For most of the STR loci that we use, the four-base sequence GATA is repeated in tandem. So, for example, on one of your chromosomes 18 you may have a D18S535 gene that has eleven GATA repeats. Since chromosomes occur in pairs (one coming from your mother and one from your father) you will also have another D18S535 gene that might have 13 GATA repeats on your other chromosome 18. These alternate forms of the same gene are called alleles.

In order to amplify an STR region the sequence of the flanking DNA must be known. The flanking DNA sequences are used to design forward and reverse primers for the amplification process. In the amplification process, primers are small sequences of single-stranded DNA (usually 20-25 nucleotides long) that are complementary to one of the strands of the double-stranded DNA that is to be amplified. A primer is designed to define each end of the amplified fragment of DNA. One primer must be complementary to one strand of the double helix while the other primer is complementary to the other strand.

You may be asking why these short pieces of single-stranded DNA (commonly referred to as oligonucleotides) are called primers. The reason is that they serve to prime the reaction in which new DNA is synthesized. An enzyme called DNA polymerase catalyzes this reaction. The DNA polymerase cannot synthesize a new DNA strand from the existing double-stranded DNA unless it separates into single strands that have a short double-stranded primer with a free end to synthesize from.

All DNA strands have polarity. In other words, the two ends are different. We call one end of a DNA strand the 5’ (5-prime) end and the other end the 3’ (3-prime) end. These names are derived from the chemical structure of the sugar molecule deoxyribose that is part of the DNA molecule. In nature, DNA is synthesized from free 3’ ends of primers. In a laboratory amplification reaction, this synthesis takes place as long as temperature is controlled properly and the appropriate chemicals are added to the reaction. Of course, the building blocks of DNA (A, T, G, and C) must be present along with the enzyme and the cofactor magnesium that is necessary for the DNA polymerase to function.

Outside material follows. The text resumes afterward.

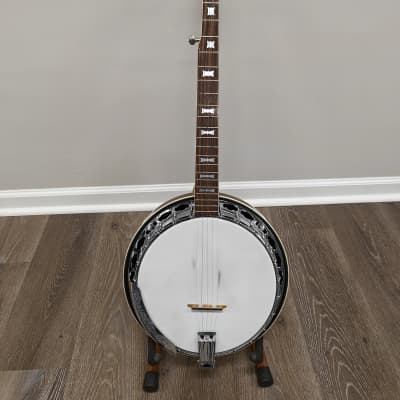 Aria Deluxe 5-String Banjo for sale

Another important part of the amplification process is the denaturation of the double helix that is to be amplified. Denaturation of a double helix is the process of separating it into single strands. The easiest way to denature a DNA molecule is to heat it. When a double helix is heated to 95° (close to the boiling point of water) it separates into single strands. When it is cooled back down, these single strands re-anneal to form a double helix again. This typically starts to occur at a temperature between 60° C and 70° C. The process of heating and cooling DNA to denature and renature it is an important part of the PCR process. In order to heat DNA to a temperature of 95° C, it is necessary to use a DNA polymerase that is not inactivated by this high temperature. Most enzymes are destroyed by exposure to temperatures this high. Fortunately, bacteria that survive in deep-sea thermal vents or hot springs have DNA polymerases that are not heat inactivated. It is this type of enzyme that makes PCR possible.

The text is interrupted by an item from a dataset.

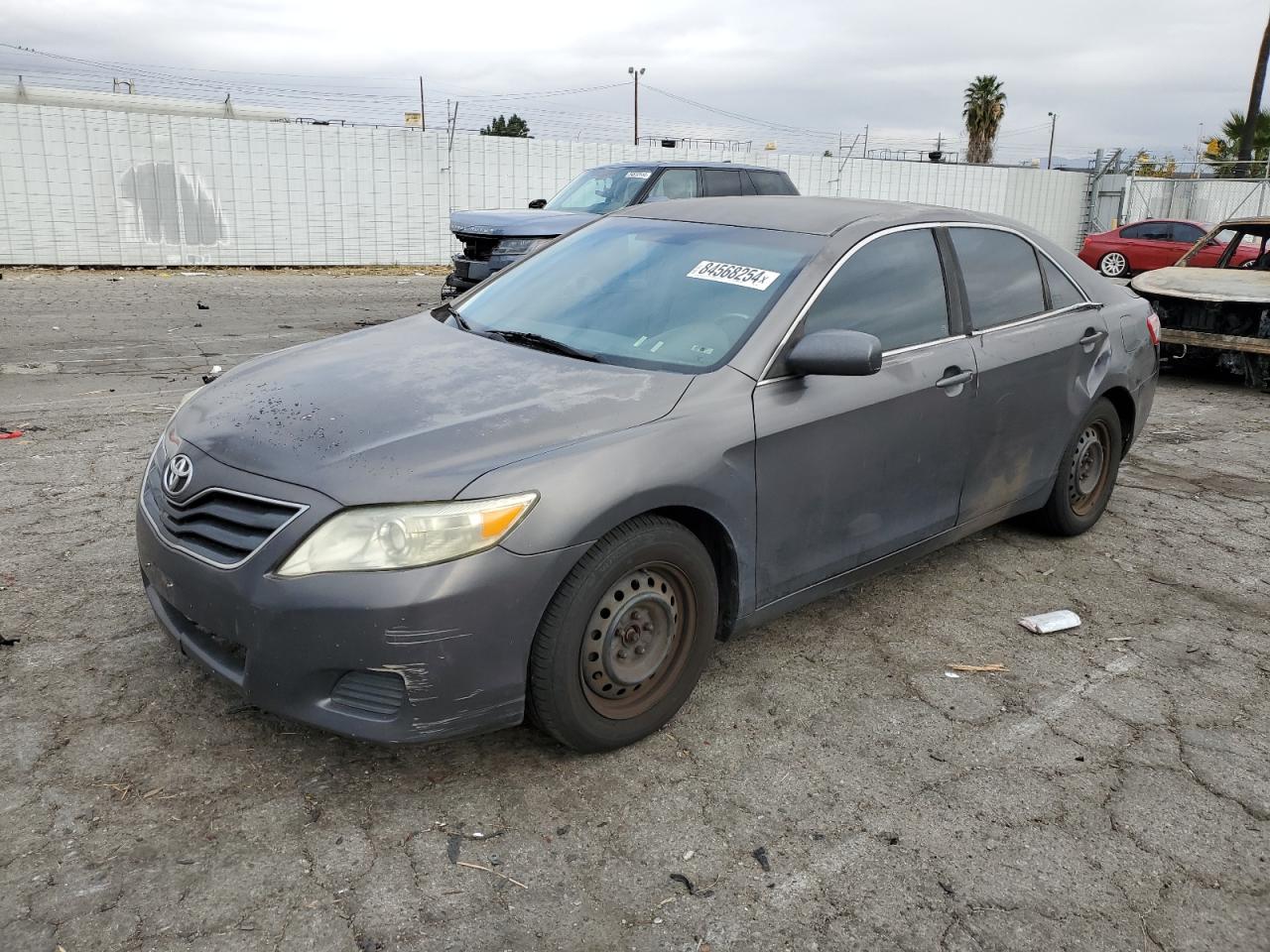 Lot #3025739308 2011 TOYOTA CAMRY BASE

So how is PCR carried out? If an amplification mixture (template DNA = an individual’s extracted genomic DNA + primers + DNA polymerase + A, T, C, and G building blocks + magnesium cofactor) is heated to 95° C, the template double helixes will denature. If the mixture is then cooled to about 60° C, the primers will be able to anneal to the ends of the STR region. Subsequent heating to 72° C provides an optimal temperature for the DNA polymerase to extend the primer into a longer strand of DNA. The PCR occurs in cycles using temperatures approximating these. The temperatures are optimized for the sequences of the template and primer DNA. The reactions are carried out in an instrument called a Thermal Cycler which can very accurately change the temperature of a metal block in which the amplification tubes are inserted.

Theoretically, each cycle of the PCR process will double the number of copies of the region being amplified. If a PCR reaction is carried out for 30 cycles (each cycle lasts about 5 minutes) the number of copies of the template could increase by a billion-fold in about 2.5 hours. In reality, we typically obtain less of an increase than this, but it is still an impressive amplification process. We start the PCR process with the extracted DNA from about 1500 cells.

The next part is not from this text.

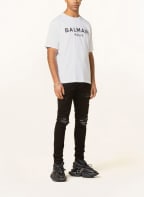 BALMAIN T-shirt , Color: WHITE (Image 1)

We also take advantage of the fact that we can amplify more than one STR region in a single reaction. This is because we will separate amplified DNA fragments by fragment size as well as color of the label that is attached to each fragment. We use three different fluorescent label colors and a size range of 80 to 340 base pairs to enable us to differentiate 11 different STR’s. The labels are actually attached to the 5’ end of one primer for each system.